2. La eficacia fiscal de los criterios de imputación temporal de ingresos y gastos, distintos de los previstos en el apartado anterior, utilizados excepcionalmente por el sujeto pasivo para conseguir la imagen fiel del patrimonio de la situación financiera y de los resultados, de acuerdo con lo previsto en los artículos 34.4 y 38.i) del Código de Comercio, estará supeditada a la aprobación por la Administración tributaria, en la forma que reglamentariamente se determine.
3. No serán fiscalmente deducibles los gastos que no se hayan imputado contablemente en la cuenta de pérdidas y ganancias o en una cuenta de reservas si así lo establece una norma legal o reglamentaria, a excepción de lo previsto respecto de los elementos patrimoniales que puedan amortizarse libremente.
Los ingresos y los gastos imputados contablemente en la cuenta de pérdidas y ganancias o en una cuenta de reservas en un período impositivo distinto de aquel en el que proceda su imputación temporal, según lo previsto en los apartados anteriores, se imputarán en el período impositivo que corresponda de acuerdo con lo establecido en dichos apartados. No obstante, tratándose de gastos imputados contablemente en dichas cuentas en un período impositivo posterior a aquel en el que proceda su imputación temporal o de ingresos imputados en la cuenta de pérdidas y ganancias en un período impositivo anterior, la imputación temporal de unos y otros se efectuará en el período impositivo en el que se haya realizado la imputación contable, siempre que de ello no se derive una tributación inferior a la que hubiere correspondido por aplicación de las normas de imputación temporal prevista en los apartados anteriores.
(…).”
En el TRLIS no existe una norma específica que se refiera a la devolución de impuestos contabilizados en su día como gasto, por lo que es preciso acudir, en su defecto, a la norma mercantil.
El Plan General de Contabilidad (PGC), aprobado por el Real Decreto 1514/2007, de 16 de noviembre, dispone lo siguiente:
“22ª Cambios en criterios contables, errores y estimaciones contables.
El PGC destina la cuenta 636 al registro de la devolución de impuestos:
“636. Devolución de impuestos.
Importe de los reintegros de impuestos exigibles por la empresa como consecuencia de pagos indebidamente realizados, excluidos aquellos que hubieran sido cargados en cuentas del grupo 2.
Su movimiento es el siguiente:
a) Se abonará cuando sean exigibles las devoluciones, con cargo a la cuenta 4709.

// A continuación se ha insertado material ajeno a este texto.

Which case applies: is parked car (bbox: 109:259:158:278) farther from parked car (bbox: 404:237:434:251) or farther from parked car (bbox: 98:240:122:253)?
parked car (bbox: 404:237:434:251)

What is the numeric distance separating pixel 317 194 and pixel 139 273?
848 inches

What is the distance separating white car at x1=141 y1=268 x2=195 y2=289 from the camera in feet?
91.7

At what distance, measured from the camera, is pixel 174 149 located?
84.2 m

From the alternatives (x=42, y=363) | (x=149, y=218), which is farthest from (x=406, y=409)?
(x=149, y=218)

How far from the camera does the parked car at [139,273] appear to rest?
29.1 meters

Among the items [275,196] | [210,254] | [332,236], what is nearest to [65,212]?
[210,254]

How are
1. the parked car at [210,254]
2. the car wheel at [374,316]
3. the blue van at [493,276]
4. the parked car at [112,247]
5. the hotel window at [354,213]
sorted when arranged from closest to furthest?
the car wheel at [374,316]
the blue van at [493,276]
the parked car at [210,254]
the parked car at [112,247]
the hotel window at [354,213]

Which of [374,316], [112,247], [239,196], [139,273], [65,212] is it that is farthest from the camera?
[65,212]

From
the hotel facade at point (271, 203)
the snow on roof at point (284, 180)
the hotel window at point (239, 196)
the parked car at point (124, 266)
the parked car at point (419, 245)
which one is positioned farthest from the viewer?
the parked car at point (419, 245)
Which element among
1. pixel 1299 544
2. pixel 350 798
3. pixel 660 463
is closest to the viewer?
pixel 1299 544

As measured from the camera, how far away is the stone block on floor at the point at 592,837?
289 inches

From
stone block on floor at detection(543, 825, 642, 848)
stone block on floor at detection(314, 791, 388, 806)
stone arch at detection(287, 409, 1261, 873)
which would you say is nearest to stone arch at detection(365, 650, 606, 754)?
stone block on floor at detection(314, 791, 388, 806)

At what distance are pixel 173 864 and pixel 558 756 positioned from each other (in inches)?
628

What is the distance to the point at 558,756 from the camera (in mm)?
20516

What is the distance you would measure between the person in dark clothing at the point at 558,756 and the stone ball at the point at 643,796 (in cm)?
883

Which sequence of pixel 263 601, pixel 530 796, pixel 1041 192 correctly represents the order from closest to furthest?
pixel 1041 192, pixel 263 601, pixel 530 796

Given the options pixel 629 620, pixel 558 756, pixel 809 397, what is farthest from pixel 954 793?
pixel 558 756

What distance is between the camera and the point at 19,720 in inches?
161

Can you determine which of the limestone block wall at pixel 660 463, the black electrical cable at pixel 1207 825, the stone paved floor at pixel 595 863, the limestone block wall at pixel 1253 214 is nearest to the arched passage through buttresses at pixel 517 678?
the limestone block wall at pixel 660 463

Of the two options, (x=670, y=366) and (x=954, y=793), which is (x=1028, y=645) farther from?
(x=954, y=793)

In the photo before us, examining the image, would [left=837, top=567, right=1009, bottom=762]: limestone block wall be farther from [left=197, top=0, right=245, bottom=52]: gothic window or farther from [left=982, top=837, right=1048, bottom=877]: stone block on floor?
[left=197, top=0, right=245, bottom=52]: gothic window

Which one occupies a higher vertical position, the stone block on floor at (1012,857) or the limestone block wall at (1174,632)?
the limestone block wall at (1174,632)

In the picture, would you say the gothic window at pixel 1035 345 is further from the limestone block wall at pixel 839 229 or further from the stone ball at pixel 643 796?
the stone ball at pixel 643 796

b) Se cargará por el saldo al cierre del ejercicio, con abono a la cuenta 129.”
En consecuencia, la devolución del Impuesto sobre el Valor Añadido, contabilizado en su día como gasto, debe imputarse como ingreso en la base imponible del Impuesto sobre Sociedades del ejercicio en que se reconoce el derecho a su devolución, sin que sea posible la imputación de dicho ingreso a resultados en función del desarrollo de la actividad o mediante la dotación de una provisión que se aplicaría en función de los gastos que se fuesen produciendo, pues el hecho que ocasiona el ajuste no tiene efecto sobre ejercicios futuros.
Los intereses de demora que, en su caso, se hubieran reconocido sobre la referida devolución, tendrán el mismo tratamiento.
Lo que comunico a Vd. con efectos vinculantes, conforme a lo dispuesto en el apartado 1 del artículo 89 de la Ley 58/2003, de 17 de diciembre, General Tributaria.